● Goal of the exercise
Reproduce the records that follow exactly; any picture among them stays out.
Segment Start: Materials provided
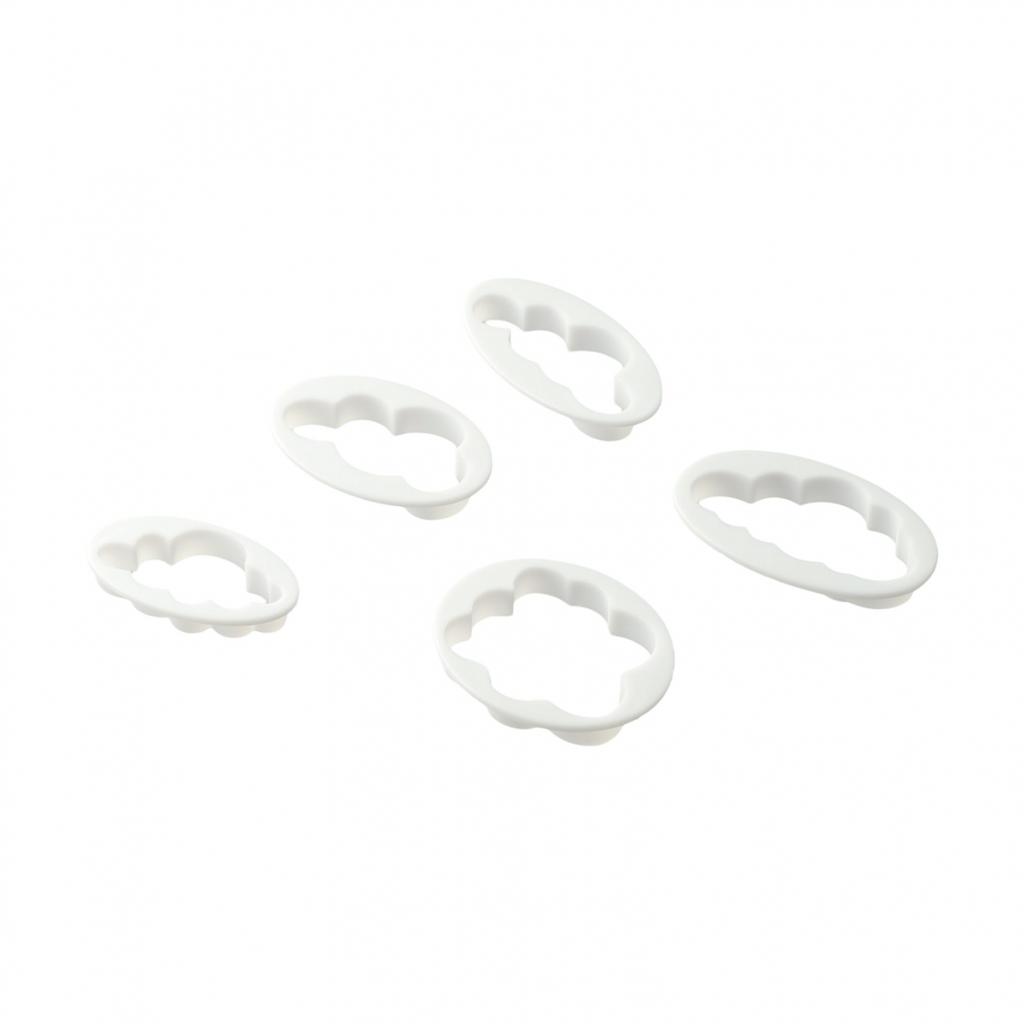 5шт. формочки для печенья в форме облака, изготовленные из 3D-печатной помадки для украшения торта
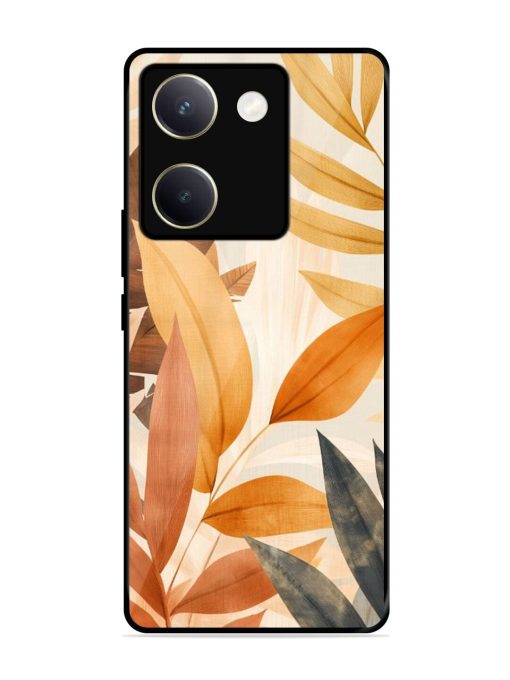 Earthy Elegance Glossy Soft Edge Case for Vivo Y200 Pro (5G) Chachhi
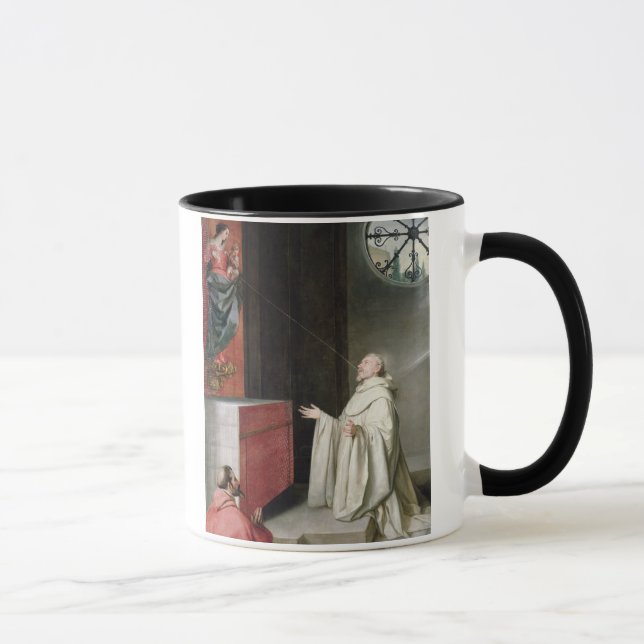 St. Bernard and the Virgin Mug (Right)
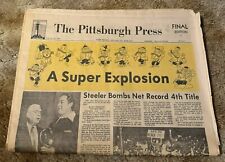 1977 Pittsburgh Press Steelers “A Super Explosion” Full Paper picture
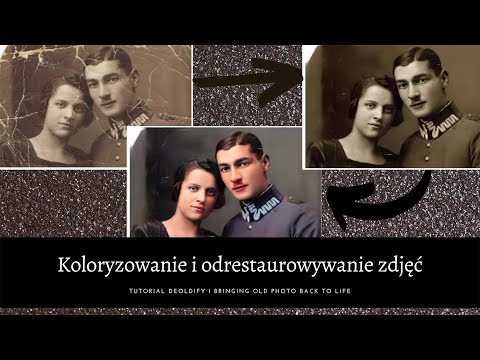 Koloryzowanie zdjęć, ich naprawia za pomocą AI - DeOldify i Bringing Old Photo Back to Life tutorial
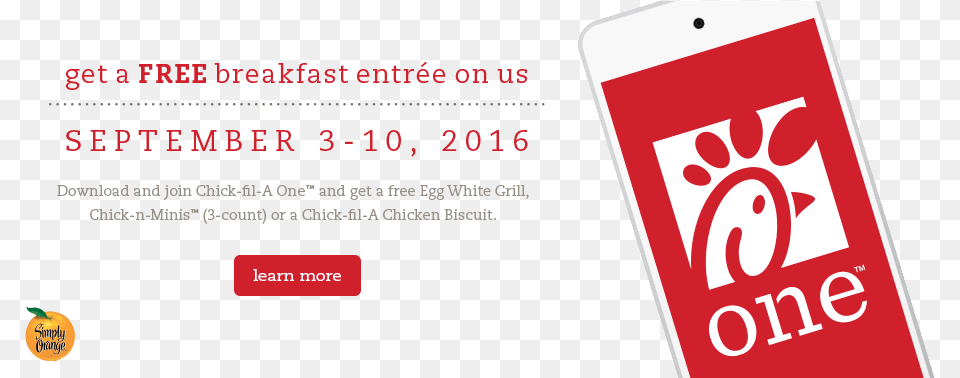 Cfa Onebreakfastgiveaway Featured Chick Fil, Electronics, Phone, Mobile Phone, Text Free Png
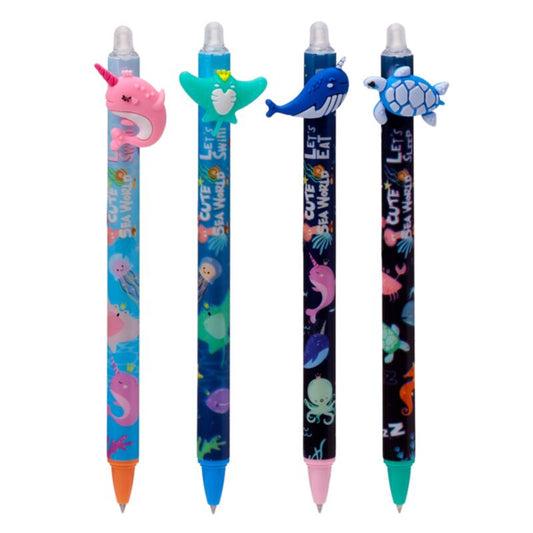 Sealife Erasable Pen with PVC Topper - image 2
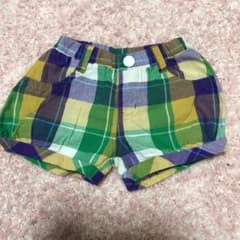 チェック柄ショートパンツのサムネイル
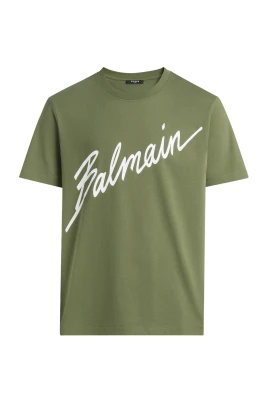 Tryckt signatur-T-shirt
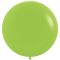 Шар пастель Зеленый S24"/60см (031) Lime 3шт/уп (Колумбия) 151717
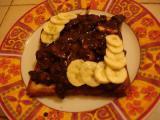 Recette Toast poêlé banane et choco-noisette.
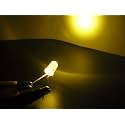 BRANDED Ultra Bright Clear/Transparent LED (Light Emitting Diode) Size 5mm Pack of (WARM WHITE, 20pcs)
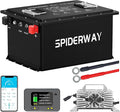 48V 105Ah Lithium Battery Golf Cart with 25A Charger, 48V LiFePO4 Battery, LCD Monitor & Mobile APP, 6000+ Cycles 48V Golf Cart Battery, Built-in 200A BMS, Max 10.24kW Output, Perfect for Golf Carts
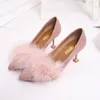 Stiletto Heels Dress Shoes Pointed Toe Fashion Work Shoes 9cm Women Spring and Autumn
Segment End: Materials provided
● Answer area
 5шт. формочки для печенья в форме облака, изготовленные из 3D-печатной помадки для украшения торта
 Earthy Elegance Glossy Soft Edge Case for Vivo Y200 Pro (5G) Chachhi
 St. Bernard and the Virgin Mug (Right)
 1977 Pittsburgh Press Steelers “A Super Explosion” Full Paper picture
 Koloryzowanie zdjęć, ich naprawia za pomocą AI - DeOldify i Bringing Old Photo Back to Life tutorial
 Cfa Onebreakfastgiveaway Featured Chick Fil, Electronics, Phone, Mobile Phone, Text Free Png
 Sealife Erasable Pen with PVC Topper - image 2
 チェック柄ショートパンツのサムネイル
 Tryckt signatur-T-shirt
 Шар пастель Зеленый S24"/60см (031) Lime 3шт/уп (Колумбия) 151717
 Recette Toast poêlé banane et choco-noisette.
 BRANDED Ultra Bright Clear/Transparent LED (Light Emitting Diode) Size 5mm Pack of (WARM WHITE, 20pcs)
 48V 105Ah Lithium Battery Golf Cart with 25A Charger, 48V LiFePO4 Battery, LCD Monitor & Mobile APP, 6000+ Cycles 48V Golf Cart Battery, Built-in 200A BMS, Max 10.24kW Output, Perfect for Golf Carts
 Stiletto Heels Dress Shoes Pointed Toe Fashion Work Shoes 9cm Women Spring and Autumn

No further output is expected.